Top of DATA LISTING
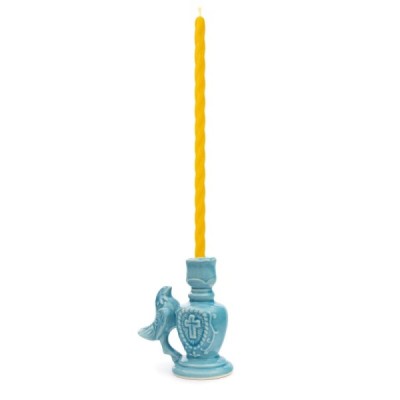 Ceramic Candle holder "Vase" light blue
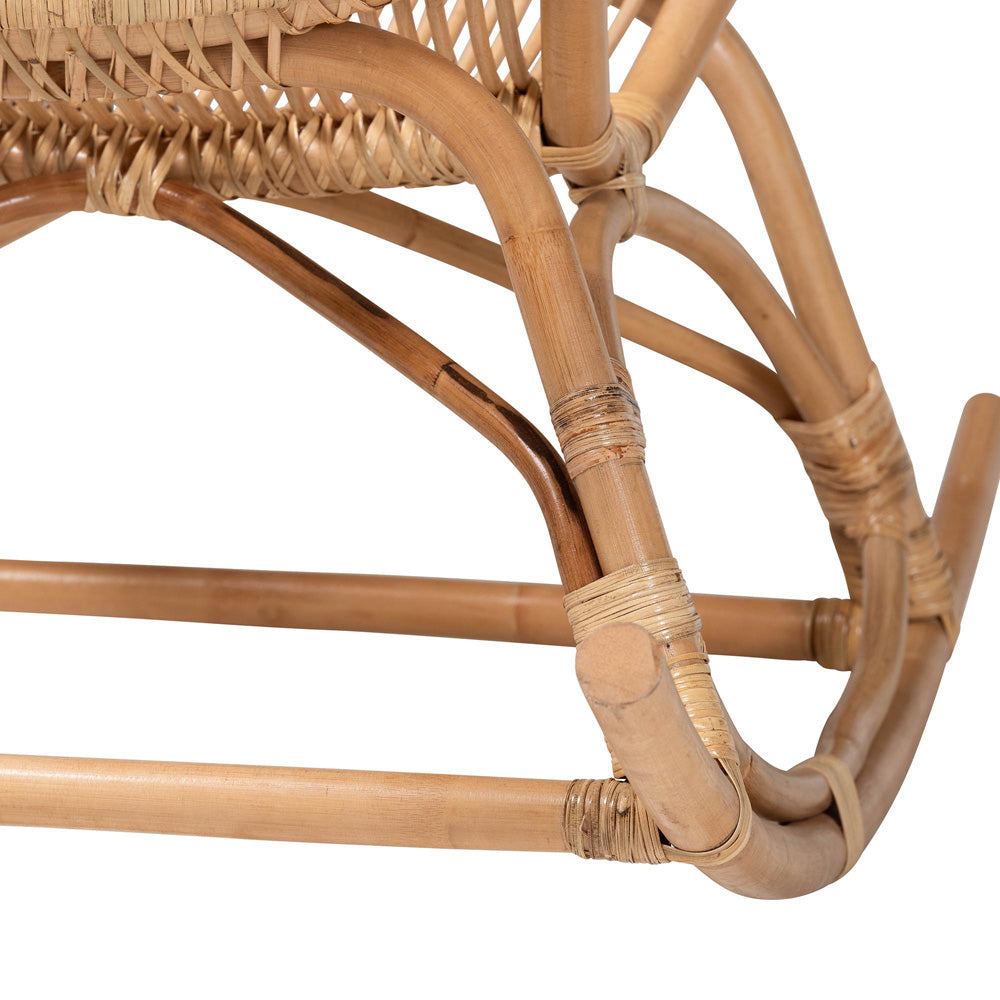 bali & pari - Mahin Rocking Chair in Light Honey - DC8005-Light Honey Rattan-RC view 6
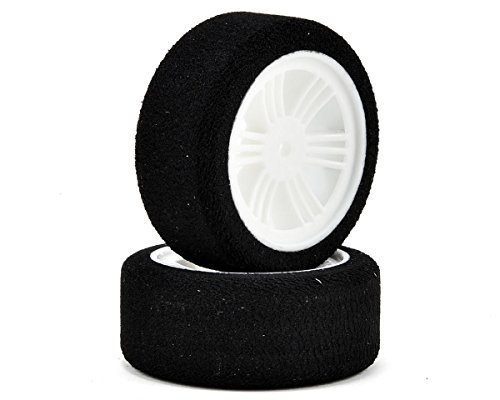 Contact RC Tires 26mm 1/10 Nitro Sedan Foam Front Pair White 35 Shore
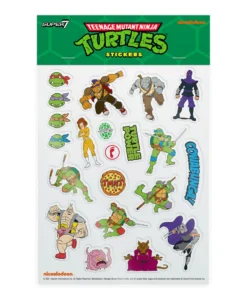 Super7 Teenage Mutant Ninja Turtles ReAction Figures - Carry Case With Michelangelo (Metallic) Movies & TV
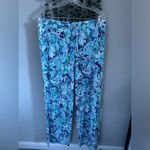 Lilly Pulitzer Lily Pulitzer Wide Leg Elastic Waist Band Blue and Green Lorena Pants Photo 1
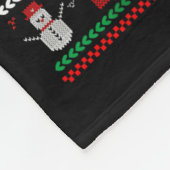 Ugly Christmas Tree Lights Santa Riding Great Pyre Fleece Deken (Hoek)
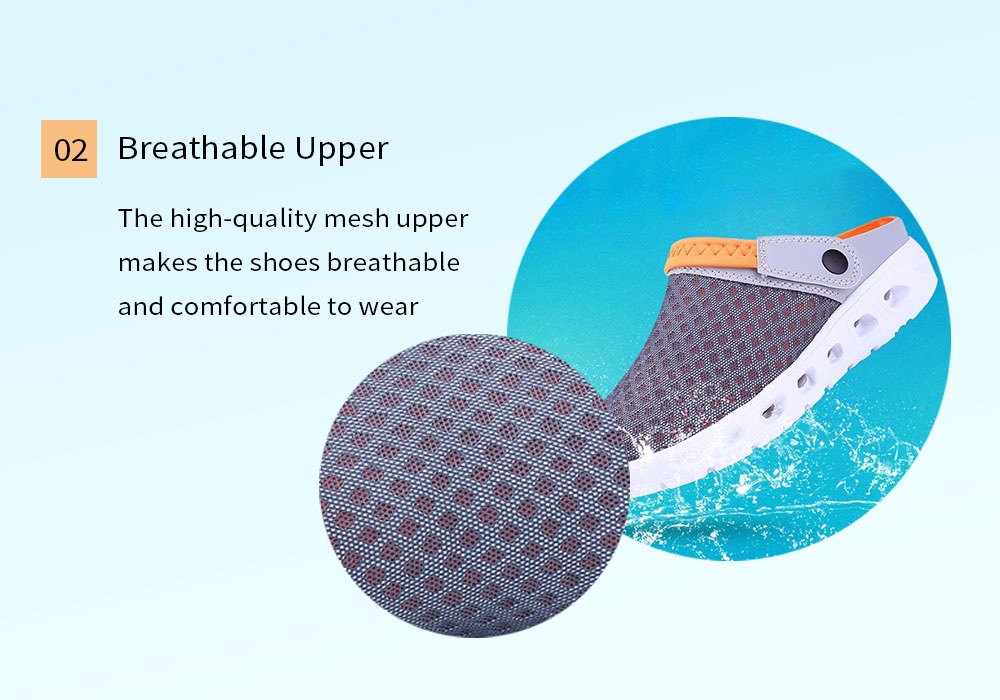 Fashion Light Weight Summer Dual-use Slippers for Men- Black 42 Fashion Light Weight Summer Dual-use Slippers for Men- Black 42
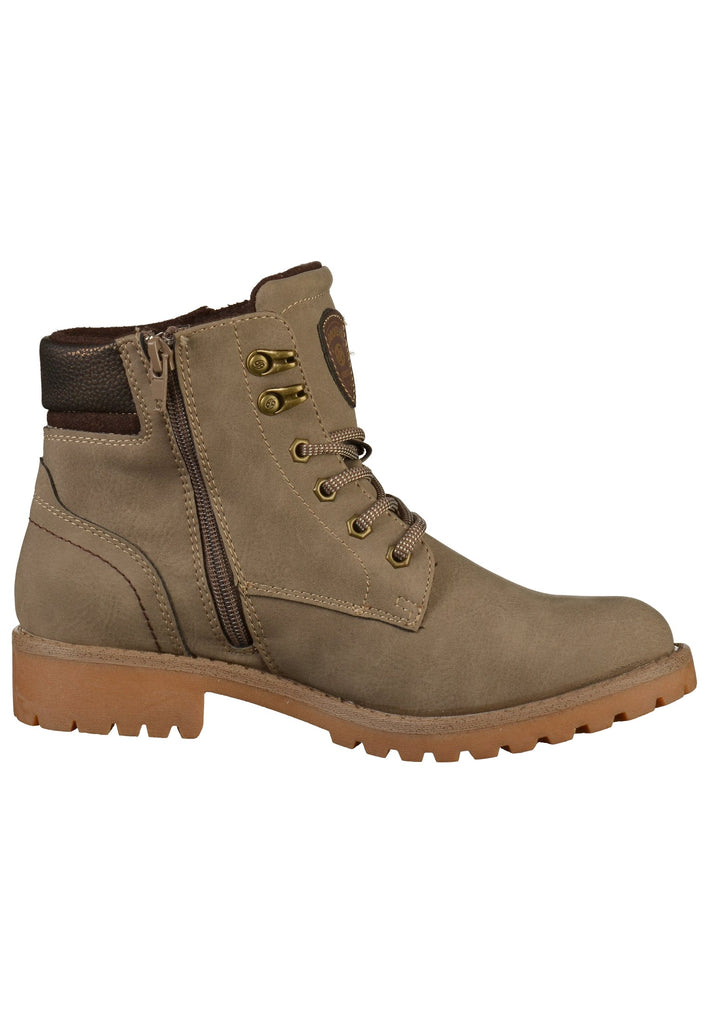 Dockers Stiefelette Lederimitat Taupe/Braun - surf4shoes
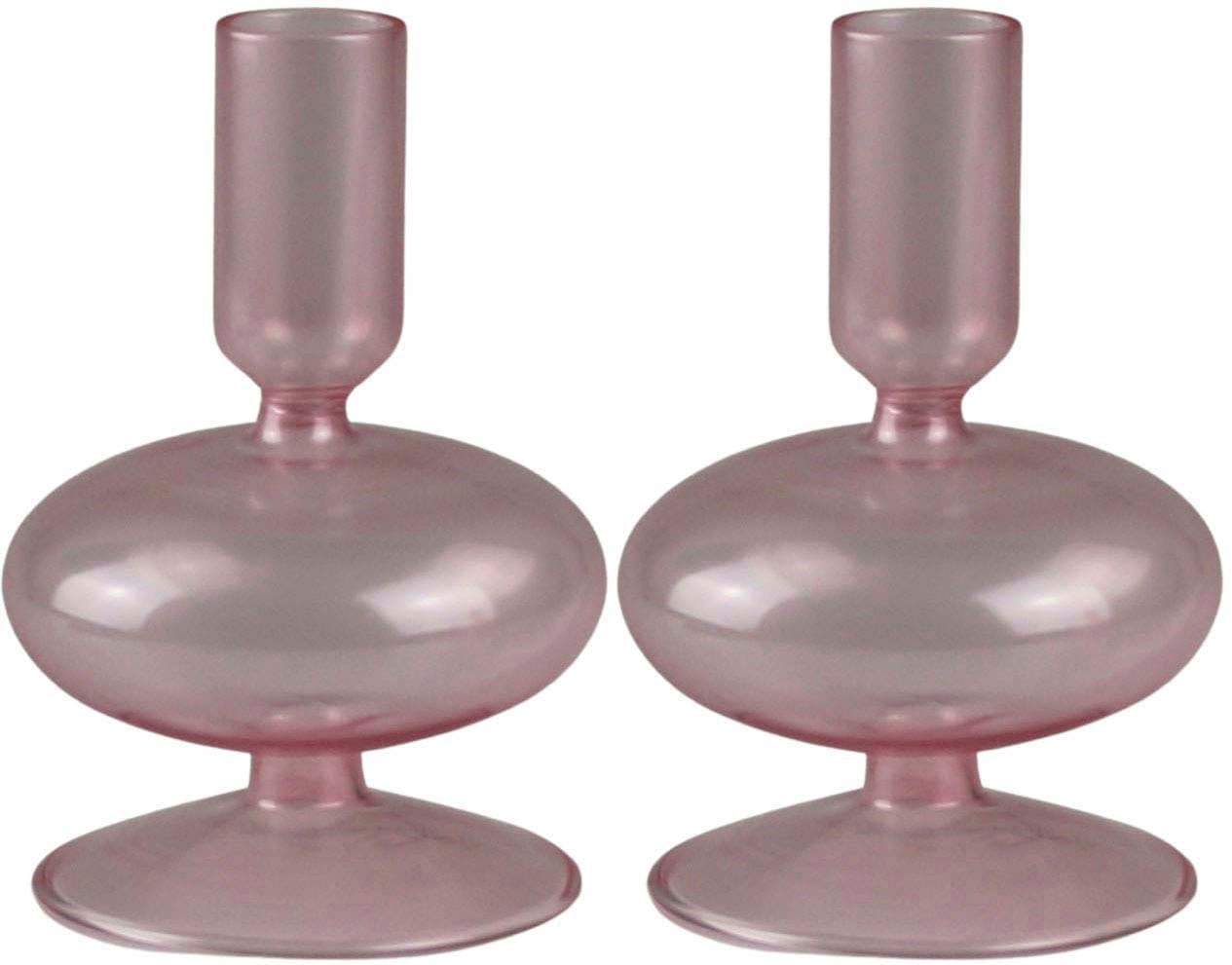 St.), Glas, Höhe cm, (Set, ca. 2 AM kaufen kunstvollen Stabkerzenhalter mit online »Kerzenhalter Design Kerzenständer Dekoobjekt 13 aus Ausbuchtungen«,
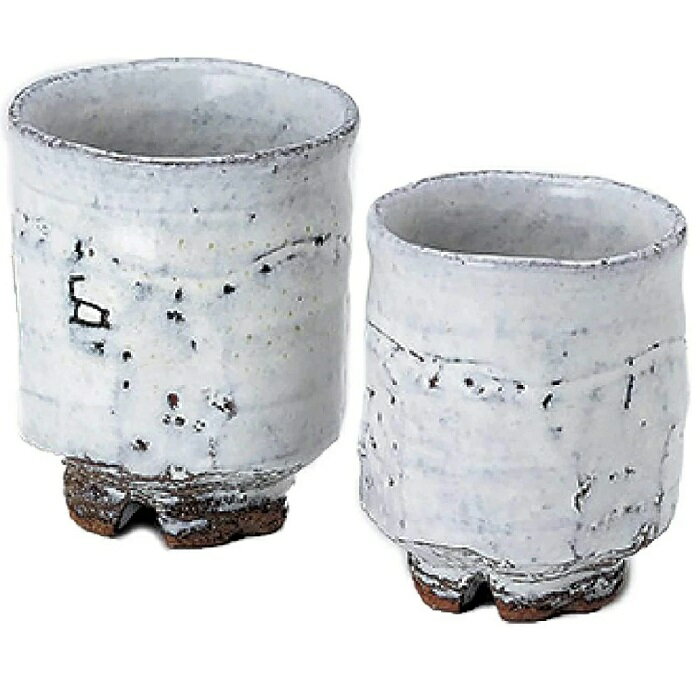 萩焼 原節夫 白萩 夫婦湯呑・湯呑小/250ml 湯呑大/300ml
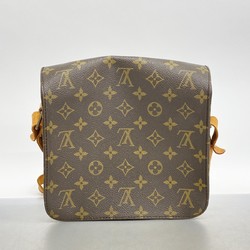 Louis Vuitton Shoulder Bag Monogram Cartesier PM MM Brown Ladies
Bottom of DATA LISTING
Line for line, output the entries above from the line with "Contact RC Tires" to the line with "Lilly Pulitzer Lily", both included, and nothing more. Skip pictures.

▶ **WRITTEN ANSWER**
 Contact RC Tires 26mm 1/10 Nitro Sedan Foam Front Pair White 35 Shore
 Super7 Teenage Mutant Ninja Turtles ReAction Figures - Carry Case With Michelangelo (Metallic) Movies & TV
 Lilly Pulitzer Lily Pulitzer Wide Leg Elastic Waist Band Blue and Green Lorena Pants Photo 1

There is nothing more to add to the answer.